Wednesday, September 22, 2010

Laddy Carbury, just a 19th century blogger?


After spending just a little time "researching" blogging in order to bring the Brookside Blog up to "industry standards" I've come to believe Lady Carbury was way ahead of her time. She was a blogger.

Her book "Criminal Queens" is lightly researched. It is written for mass, uncritical readers. When she asks for professional "editorial criticism" it is from her favorite collection of London's writers/editors. There's lots of professional payback going on. If you review my book and say nice things, I'll review your book and say nice things.

She would have loved Facebook.

Lady Carbury also likes to combine/confuse her social life with her professional literary contacts.

The introduction to my copy of The Way We Live Now explains that the main plot for the book was going to be exposing and satirizing the London literay scene. Perhaps Mr Trollope wasn't good at smoozing with other writer/editors. He just wasn't getting the good reviews he thought he deserved.

I'm certainly glad he decided to add the Mexican train swindle plot to the story otherwise it would have been The Way Some of Us Who Write Novels Live Now. Lacks punch...
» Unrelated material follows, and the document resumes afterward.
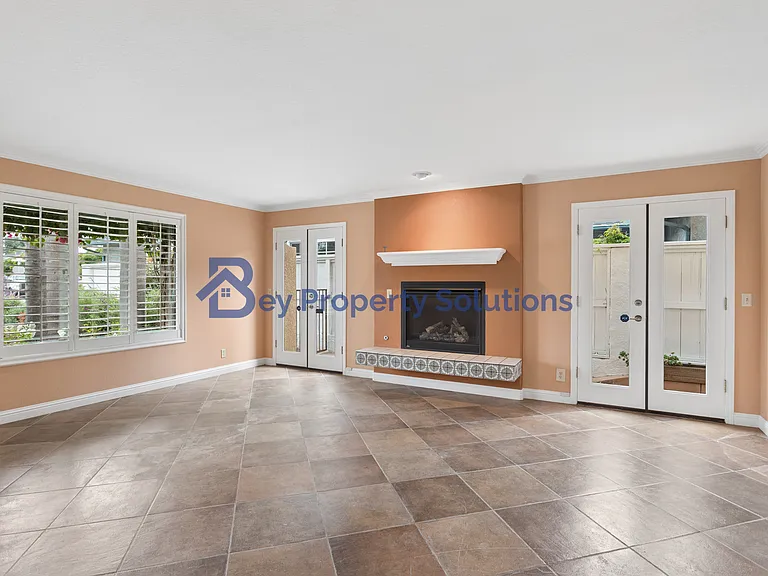 599 Woodland Dr — Photo 7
Not sure if this blog will ever be up to "standard". It's more of a rant than a blog.

Next: Melmotte, the big wonderful, tragic "hero"??
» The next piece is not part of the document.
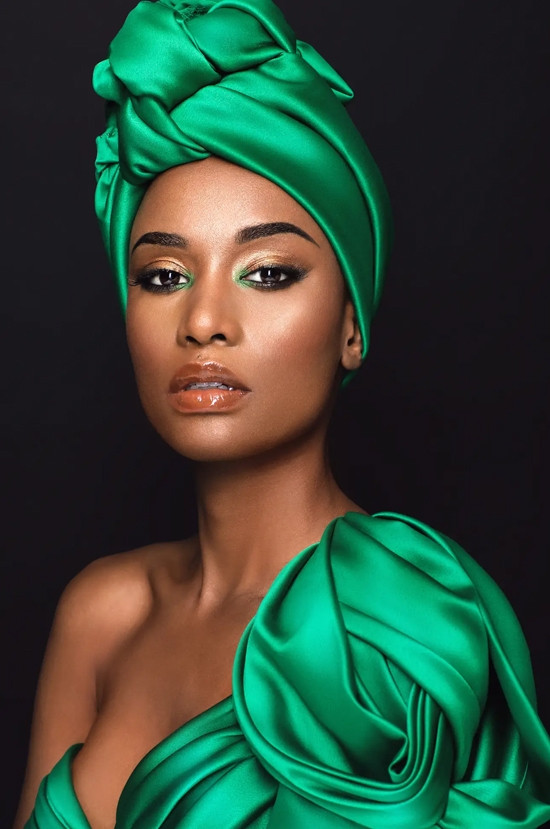 Zozibini Tunzi sinh ra và lớn lên tại tỉnh Eastern Cape, Nam Phi. Cô hiện cùng gia đình sống tại thủ đô Cape Town và là đại diện của thành phố này dự thi Miss Universe South Africa hồi tháng 8.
Search engine tags: Blogging history: 19th Century Bloggers: Anthony Trollope: Lady Carbury, pioneer blogger

Thursday, September 16, 2010

the game's the thing


Choosing to read The Way We Live Now while fresh from The Big Short was a fortunate decision.

Trollope's Mexico railroad scandel is a lot less complicated than our recent financial meltdown but the fundamentals are the same. Greed.

"Men reconcile themselves to swindling. Though they themselves mean to be honest, dishonesty of itself is no longer odious to them. Then there comes the jealousy that others should be growing rich with the approval of all the world - and the natural aptitude to do what all the world approves."

There was not much romance in the Big Short. TWWLN is like one very long Jane Austen marriage marketplace but with "teeth". The ladies are only out for a husband who will provide the house in London and financial security. For some love is not a priority, more a luxury.

Thursday, September 9, 2010

I want a mood organ...


Phili K. Dick comes up with some great creations in this book.

I love the mood organ. In the morning it wakes you and gives you the attitude you need to get that day going.

"If you set the surge up high enough, you'll be glad you're awake."

Don't we all need one of these?

Then there's kipple.

"Kipple is useless objects, like junk mail or match folders...When nobody's around, kipple reproduces itself."

The empathy box and Wilbur Mercer.

The surviving humans on earth need a way to commune with each other so they use an empathy box. By holding the handles and watching the video of Wilbur Mercer climbing his hill in the wilderness Isidore merges with the old man and others watching him on his climb. The experience includes bleeding when stones are thrown and cut Mercer's arm. Not sure how this is achieved.

"He had crossed in the usual perplexing fashion; physical merging-accompanied by mental and spitual identification - with Wilbur Mercer had reocurred. As it did for everyone who at this moment clutched the handles, either here on earth or on one of the colony planets. He experienced them, the others, incorporated the babble of their thoughts, heard in his own brain the noise of many individual existences. They- and he -cared about one thing; this fusion of their mentalities oriented their attention on the hill, the climb, the need to ascend".

Climbing the hill to the Stanford Dish will never be the same for me again. I'll be looking for Wilbur Mercer.